Who wants to get unsolicited phone calls? Who would take steps to maximize the likelihood of receiving them by buying multiple cell phones with separate numbers?
A shut-in who longs for contact with the outside world? An agoraphobe? A misfit with no social skills? An elderly person with no children who's outlived all his friends?
Who would be so desperate to converse with another human being that he'd actually volunteer to talk to salesmen and debt collectors? Who stoops that low?
Stoops does, or did. Melody Stoops, that is.
Three years ago, Stoops launched her latest illicit entrepreneurial effort – having pled guilty to theft in Colorado the year prior – by buying the first of 35 cell phones she would eventually accumulate and store in a shoebox, just waiting for them to ring – and ring and ring.
Though living in central Pennsylvania, Stoops registered her nearly three dozen phones with Florida numbers. Why Florida?
“I knew that people had hardships in Florida, that they would be usually defaulting on their loans or their credit cards,” she testified in 2015.

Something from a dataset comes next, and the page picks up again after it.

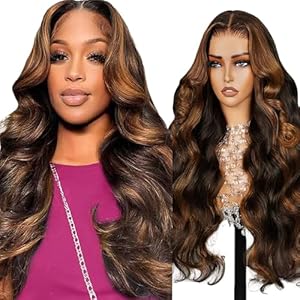 Human Hair Wig Brown Body Wave 4X1 Lace Closure Wig Highlight Afro Perücke Echthaar 150% Dichte Pre Plucked with Baby Hair Brazilian Virgin Remy Hair 8A Grade 16 Inch
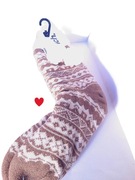 Skarpety ocieplane zimowe antypoślizgowe Bench z pomponami brąz białe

Stoops wanted to receive “unsolicited” calls from debt collectors so that she could file lawsuits against the companies making them in violation of the 1991 Telephone Consumer Protection Act (TCPA) and recover “damages” as high as $1,500 per call.
Several thousand TCPA suits were filed last year, but most were settled out of court, which is what plaintiffs hope for and count on.
Stoops filed roughly a dozen suits in the U.S. District Court for the Western District of Pennsylvania and sent twice as many demand letters. “It’s my business,” she testified. “It’s what I do.”
Technically, then, the calls weren't unsolicited. That's essentially what a federal judge concluded when he dismissed her last suit, against Wells Fargo.
Think what she might accomplish if she applied her craftiness to a real enterprise!